**YOUR TASK**. Render every entry exactly as it appears.

DATASET: Begin

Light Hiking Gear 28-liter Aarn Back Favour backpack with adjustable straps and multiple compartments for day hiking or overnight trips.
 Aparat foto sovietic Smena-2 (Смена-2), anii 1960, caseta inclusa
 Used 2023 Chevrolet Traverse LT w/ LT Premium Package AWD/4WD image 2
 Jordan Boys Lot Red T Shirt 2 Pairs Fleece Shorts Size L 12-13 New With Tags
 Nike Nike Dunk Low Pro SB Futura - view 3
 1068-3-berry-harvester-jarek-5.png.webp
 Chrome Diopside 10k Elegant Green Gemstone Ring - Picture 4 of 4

DATASET: End

**RESPONSE BOX**.
Light Hiking Gear 28-liter Aarn Back Favour backpack with adjustable straps and multiple compartments for day hiking or overnight trips.
 Aparat foto sovietic Smena-2 (Смена-2), anii 1960, caseta inclusa
 Used 2023 Chevrolet Traverse LT w/ LT Premium Package AWD/4WD image 2
 Jordan Boys Lot Red T Shirt 2 Pairs Fleece Shorts Size L 12-13 New With Tags
 Nike Nike Dunk Low Pro SB Futura - view 3
 1068-3-berry-harvester-jarek-5.png.webp
 Chrome Diopside 10k Elegant Green Gemstone Ring - Picture 4 of 4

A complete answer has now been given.